Foi aprovado, no plenário da Assembleia Legislativa de Minas Gerais (ALMG), na tarde dessa quarta-feira (14), o projeto de lei que autoriza o uso de R$ 11,06 bilhões provenientes do acordo firmado entre o estado e a mineradora Vale como reparação pela tragédia em Brumadinho. O texto recebeu 73 votos a favor e nenhum voto contra.

O valor aprovado corresponde a 30% do total de R$ 37,68 bilhões do termo homologado pelo Tribunal de Justiça de Minas Gerais (TJMG) em fevereiro. O projeto aprovado pelos deputados segue agora para sanção do governador Romeu Zema (Novo).

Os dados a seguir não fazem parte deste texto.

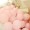 Maca pink (100 pcs）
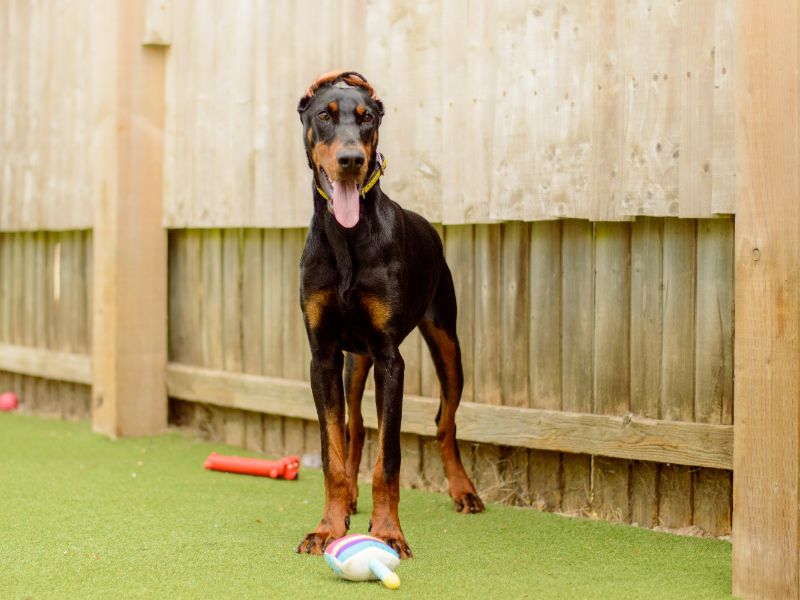 Doberman for adoption in Kenilworth, Warks – 9 months old - Image 3 of 4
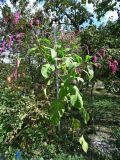 Persicaria orientalis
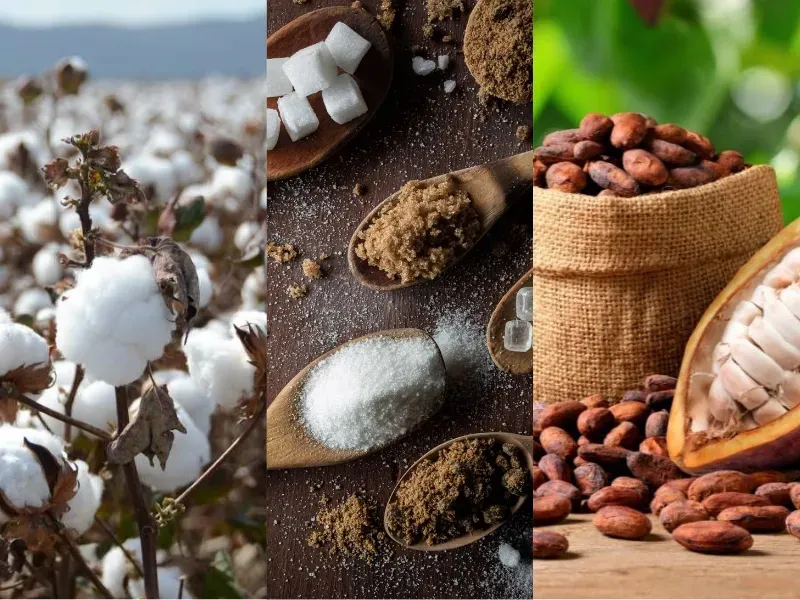 Thị trường nguyên liệu 31/03: Sự đối lập giữa đà tăng của Bông, Đường và sự trầm lắng của Ca cao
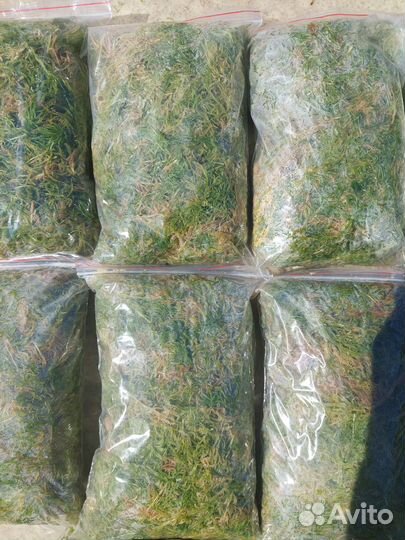 Мох для улиток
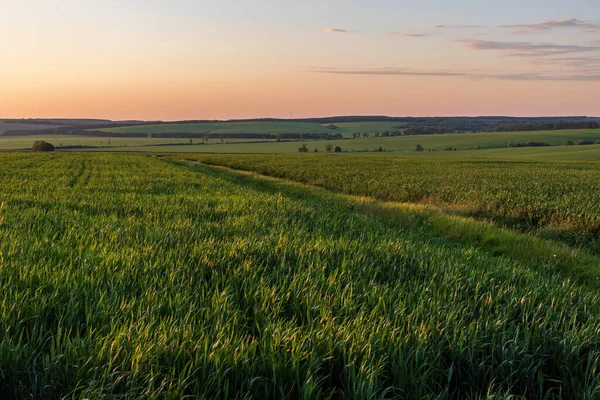 Wheat Fields Countryside Ukraine — Foto Stock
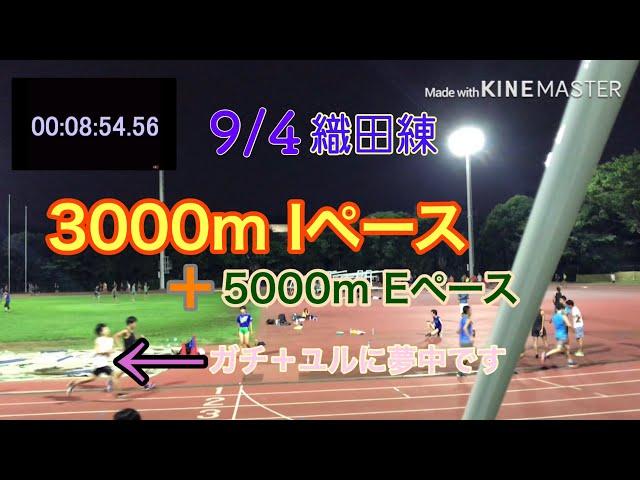 【ガチ練】トラックレース対策＋マラソン対策ができるガチユル走に夢中です【3000mIペース＋5000mEペース 】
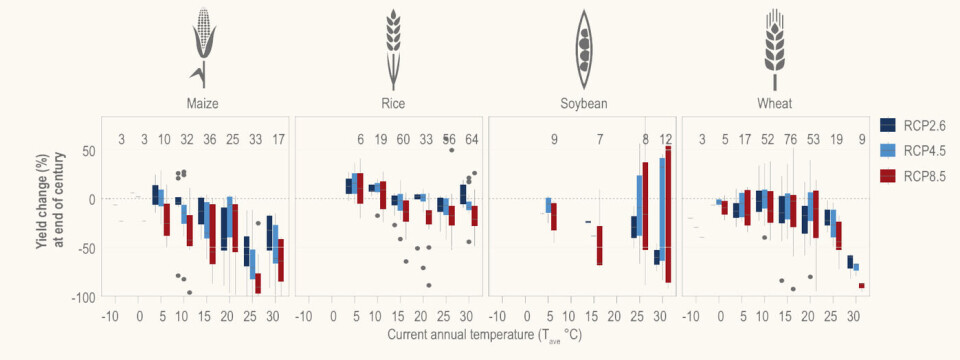 Simuleringer av utbytte fra avlinger (crop yields) år 2100, fordelt etter nåværende snitt-temperatur og klimascenario. FN anslår en økning til 3,2 grader over normalen innen 2100. RCP4.5 legger til grunn en økning mellom 2 og 3 grader. Hardest vil temperaturendringene gå ut over områder varmere enn 20 grader i snitt nå. Grafikk: IPCC WG2 AR6
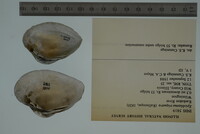 Epioblasma triquetra image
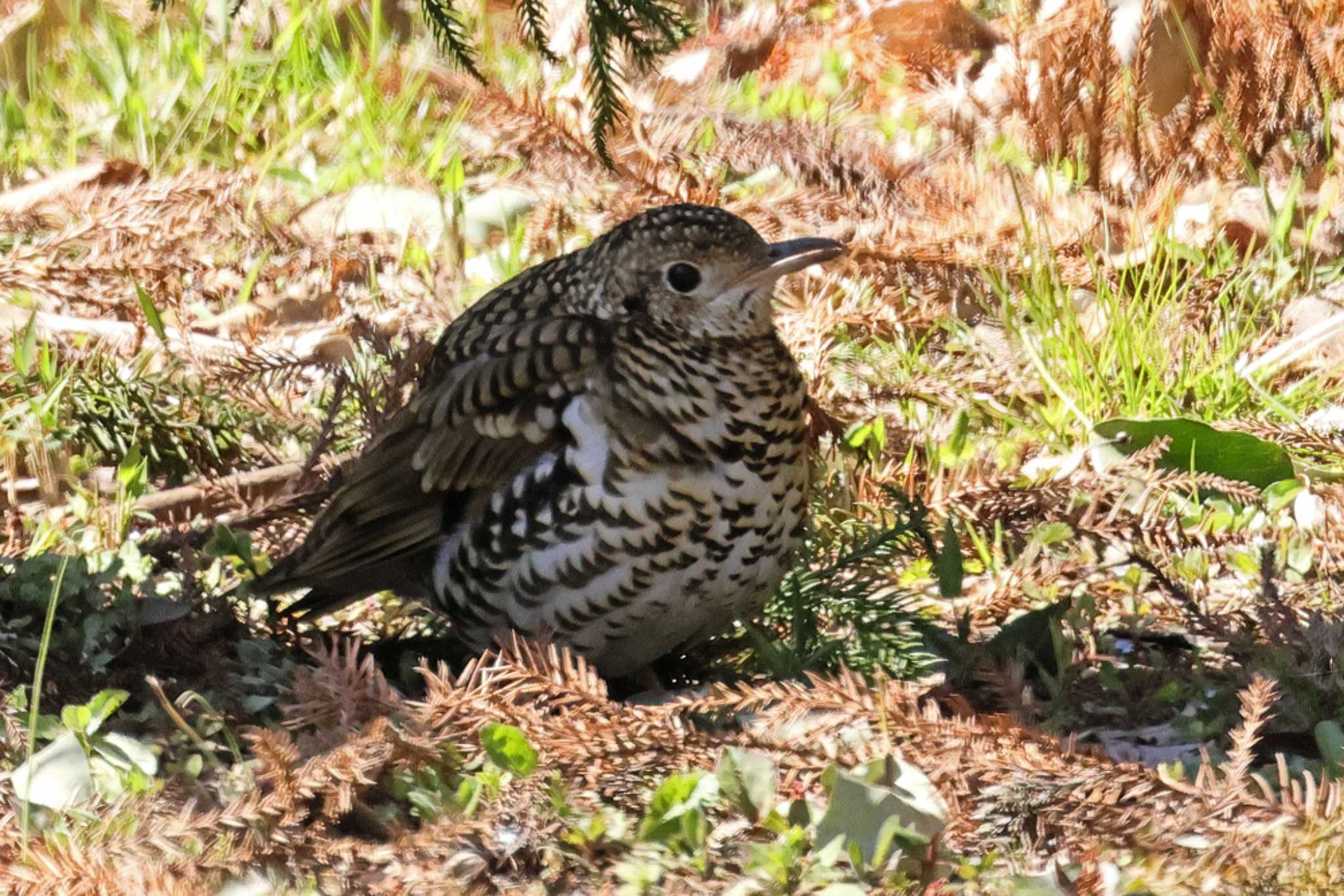 トラツグミ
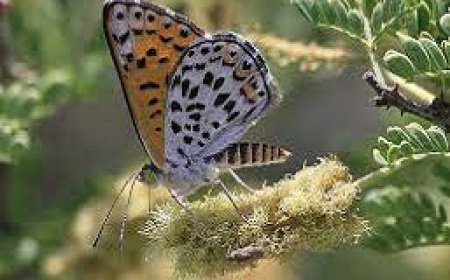 The Disappearing Act: Where Have the Butterflies, Fireflies, and Dragonflies Gone?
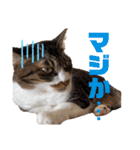 泉の猫スタンプ（個別スタンプ：24）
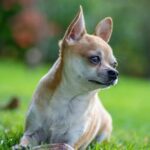 Wisconsin-Babysitter wird beschuldigt, Familienhund getötet zu haben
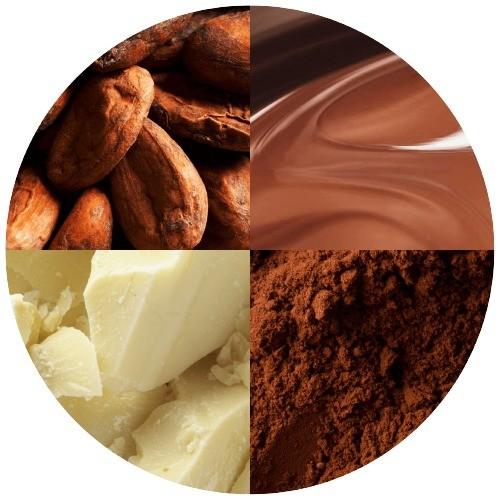 Fermented Alkalized Dutch Cocoa Powder For Dark Chocolate Low Fat ODM
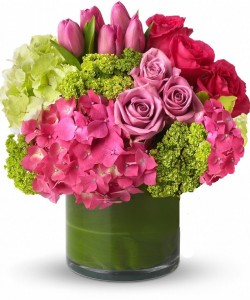 Spring Delight 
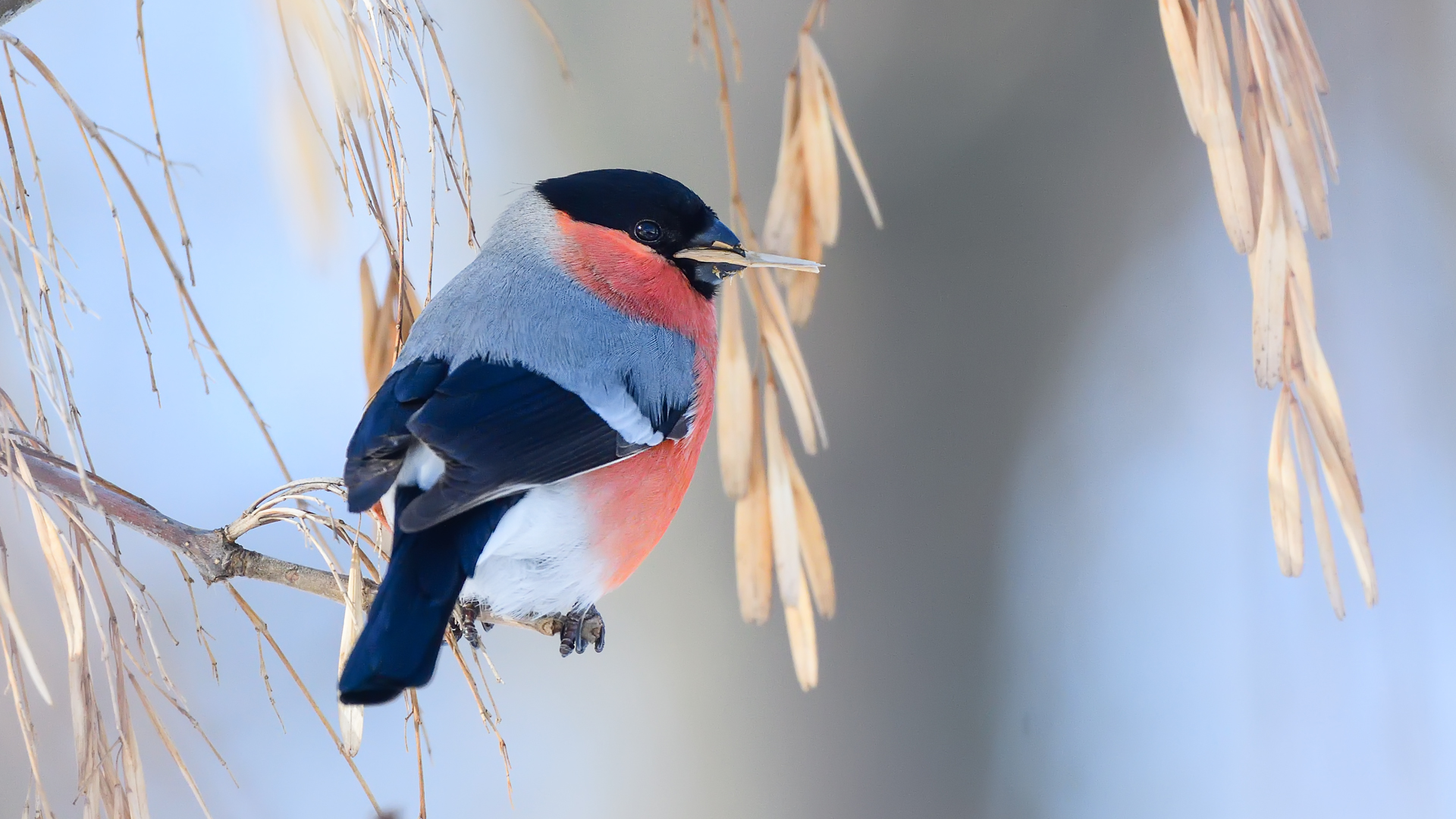 Eurasian ciuffolotto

A barragem da mina do Córrego do Feijão se rompeu no dia 25 de janeiro, deixando 270 vítimas. Até hoje, dez corpos seguem desaparecidos. Além de provocar mortes, a lama que vazou da estrutura atingiu o Rio Paraopeba, responsável por parte do abastecimento da Região Metropolitana de Belo Horizonte.


R$ 1,5 bi aos municípios O PL 2.508/21 foi recebido no Plenário no último dia 2 de março. Como exige a legislação, ele solicita a abertura de crédito suplementar ao orçamento fiscal do Estado de 2021 até o valor de R$ 11,06 bilhões.

Este valor inclui o R$ 1,5 bilhão que será enviado diretamente a todos os 853 municípios do estado, de acordo com a Proposta de Emenda à Constituição (PEC) 68/21, promulgada nesta terça-feira (12) pela ALMG. A PEC foi motivo de impasse entre o governo e parlamentares.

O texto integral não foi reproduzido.